There is, however, an EP, recorded since she’s been in the UK — with bass, guitar and string parts written during a bout of the flu late last year.

"Just by necessity, I did all the parts myself in the studio," she says.

"I am not an accomplished violinist but I can do it on a Midi keyboard if it is required of me."

Brooke Singer of New Zealand band French for Rabbits is involved this time, helping with production.

The plan is to have it out sometime this year.

With a bit of luck, there may even be the opportunity to do some gigs.

"Even if it is just within the United Kingdom for now. Who knows? Hopefully things will start to get a little bit better at least."

Which brings us back to that Taite prize, as Lovelock walked away with both some cash and "a live performance opportunity thanks to Auckland Live".

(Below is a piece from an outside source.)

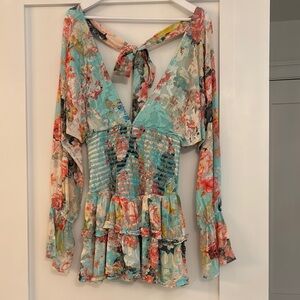 Hemant and Nandita Green and Blue Ruffled Mini Dress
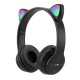 Cute Wireless Gaming Headset bluetooth 5.0 Headphones LED Light Support TF Card Play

"I presume it will now be from the comfort of my flat," she jokes, wryly.

The winners are

The winner of the Taite Music Prize 2020 was Troy Kingi for his album Holy Colony Burning Acres.

Best Independent Debut winner was Millie Lovelock, performing as Repulsive Woman, for Relief.

Murray Cammick won the Independent Spirit Award for his contributions to music through photography and journalism.

The Independent Music NZ Classic Record award went to Shona Laing for South, 1987.

Repulsive Woman’s album Relief is available for download from the Bandcamp page.

Comments

As a columnist, Millie Lovelock did not bait the Boomer Generation. She did, however bag the smug anti millennials and Old White Men, who were outraged and harassing. One cannot forget the chattering lady from the Top End of Town who graciously wrote "Zip it, Sweetie", and the outraged reader 'I've been going to the Crown for 30 years and never been harassed once!'

I’m an old white man (with a bit of Tangata Whenua) and I was neither outraged nor harassing. Millie who?

Ms Lovelock wrote a Student View of Dunedin published in the newspaper.
It attracted letters of unrest to the editor. She was prominent in the live music scene, with forthright comments on venues and male patrons.

It's all in the story.

OWM is a condition. One can be an OWM and not a reactionary, secular Puritan.